SOLITON INTERACTION OF THE ZAKHAROV-KUZNETSOV EQUATIONS IN PLASMA DYNAMICS

In this paper we investigate the constant-and variable-coefficient Zakharov-Kuznetsov (ZK) equations respectively for the electrostatic solitons and two-dimensional ion-acoustic waves obliquely propagating in the inhomogeneous magnetized two-ion-temperature dusty plasmas. By virtue of the symbolic computation and Hirota method, new bilinear forms and N-soliton solutions are both derived. Asymptotic analysis on two-soliton solutions indicates that the soliton interaction is elastic. Propagation characteristics and interaction behavior of the solitons are discussed via graphical analysis. Effects of the dispersive and disturbed coefficients are analyzed.

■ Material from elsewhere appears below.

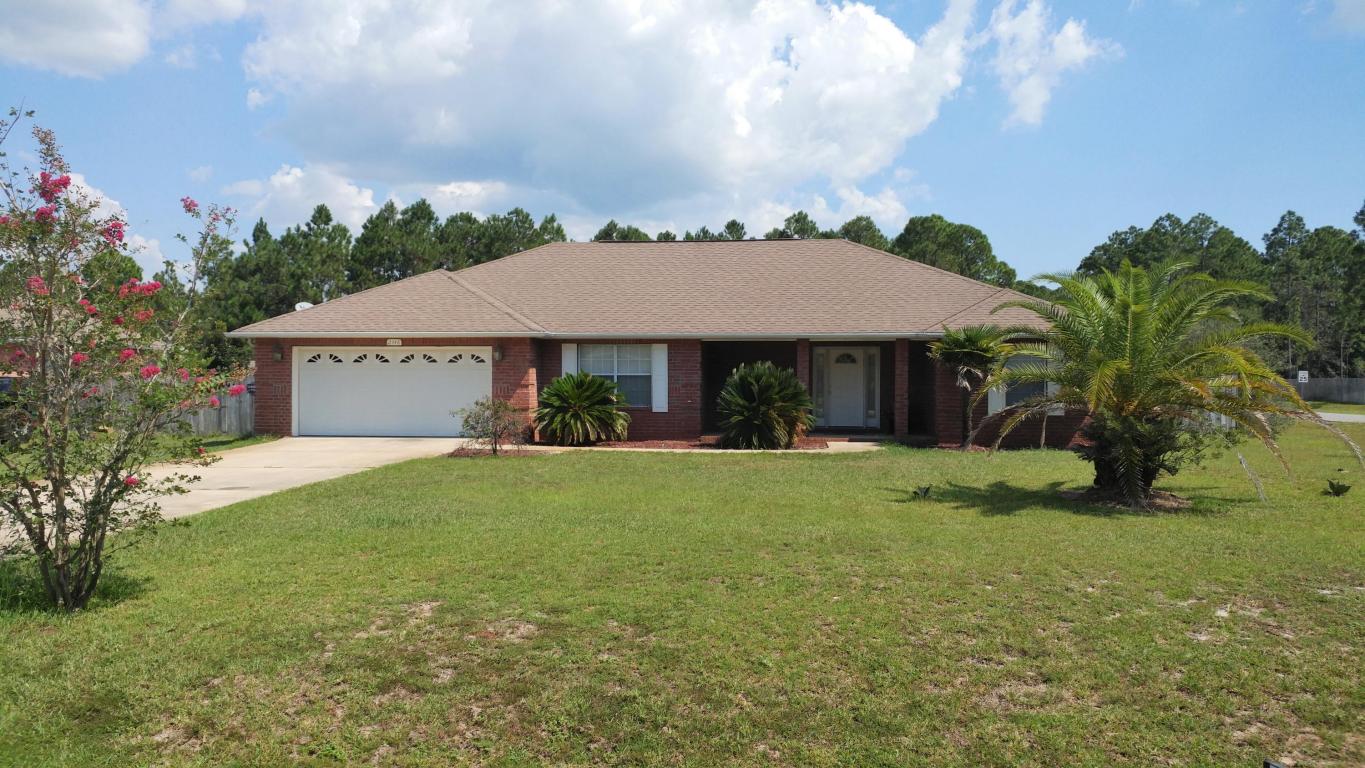 2348 Citrus Drive, Navarre, FL 32566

For the constant-coefficient ZK equation, amplitude of the one soliton becomes larger when the absolute value of dispersive coefficient B increases, while interaction between the two solitons varies with the product of B and disturbed coefficient C: when BC > 0, two solitons are always parallel, or they interact with each other that way. For the variable-coefficient ZK equation, periodical soliton arises when the disturbed coefficient gamma(t) is a periodical function, and periods of the solitons are inversely correlated to the period of gamma(t).